INSTRUCTIONS TO FOLLOW: Nothing but a verbatim copy of the data, minus the images, should be returned.

··· SUPPLIED INFORMATION

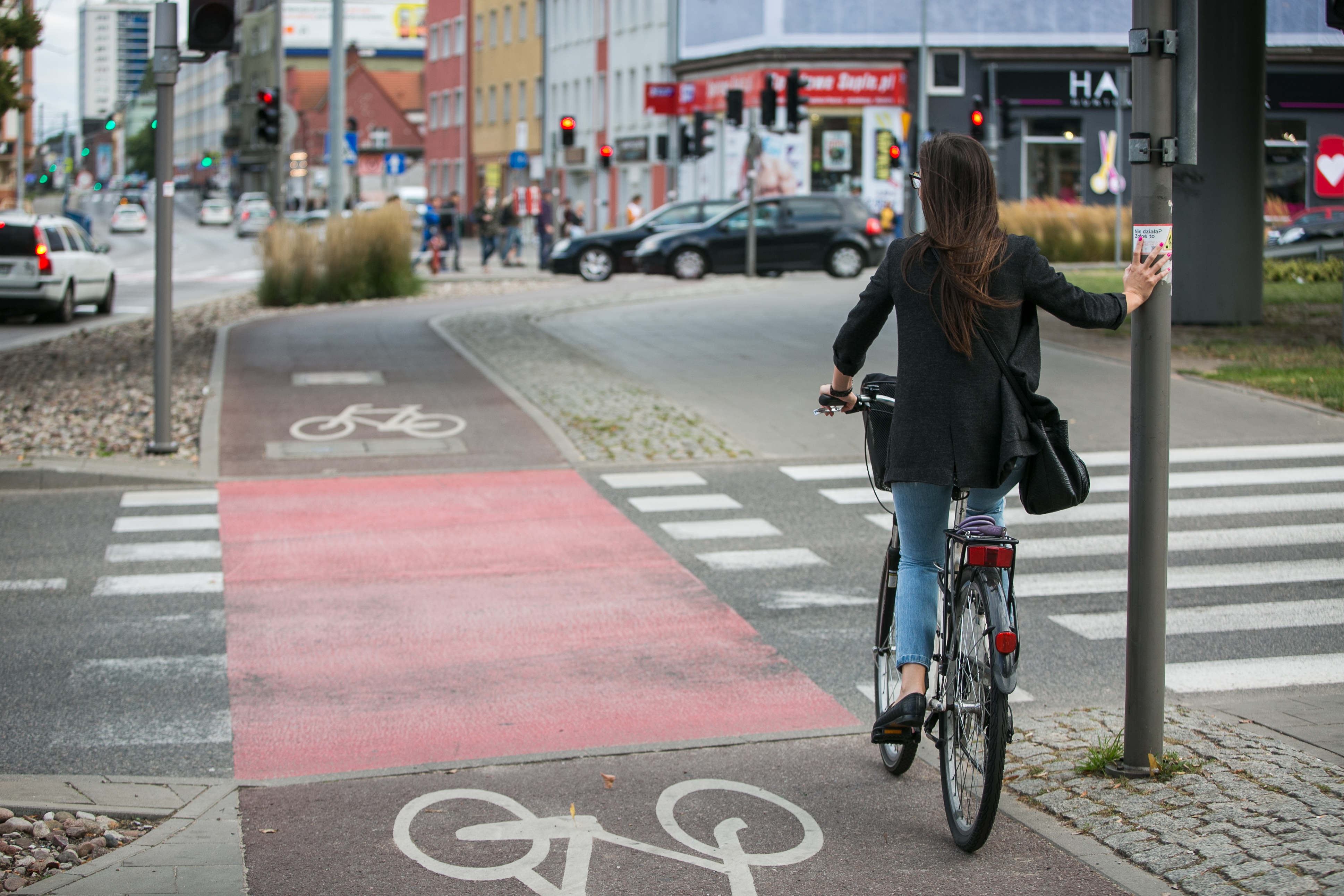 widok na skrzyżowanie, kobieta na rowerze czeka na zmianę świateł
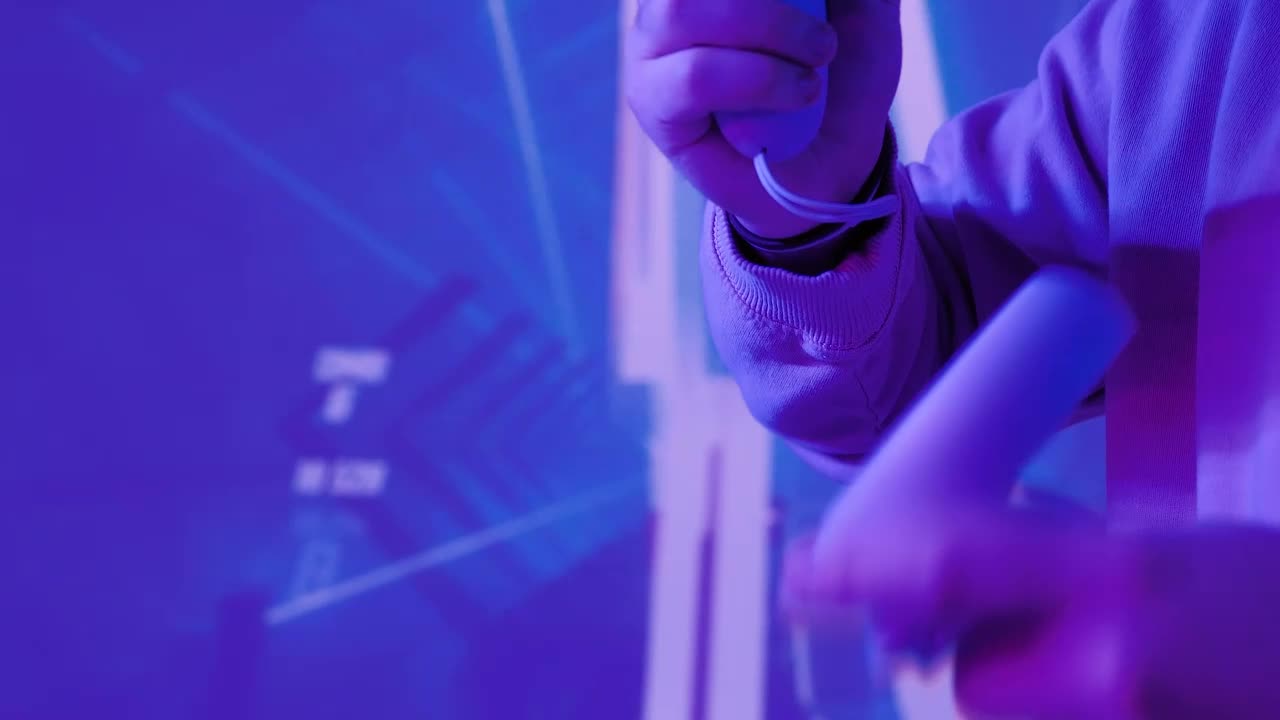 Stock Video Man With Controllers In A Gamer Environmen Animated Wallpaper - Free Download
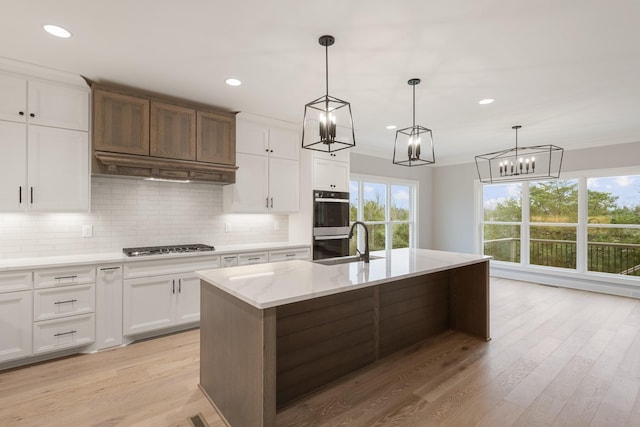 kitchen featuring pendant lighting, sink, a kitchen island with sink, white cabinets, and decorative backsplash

······

RESULT OF THIS TASK:
 widok na skrzyżowanie, kobieta na rowerze czeka na zmianę świateł
 Stock Video Man With Controllers In A Gamer Environmen Animated Wallpaper - Free Download
 kitchen featuring pendant lighting, sink, a kitchen island with sink, white cabinets, and decorative backsplash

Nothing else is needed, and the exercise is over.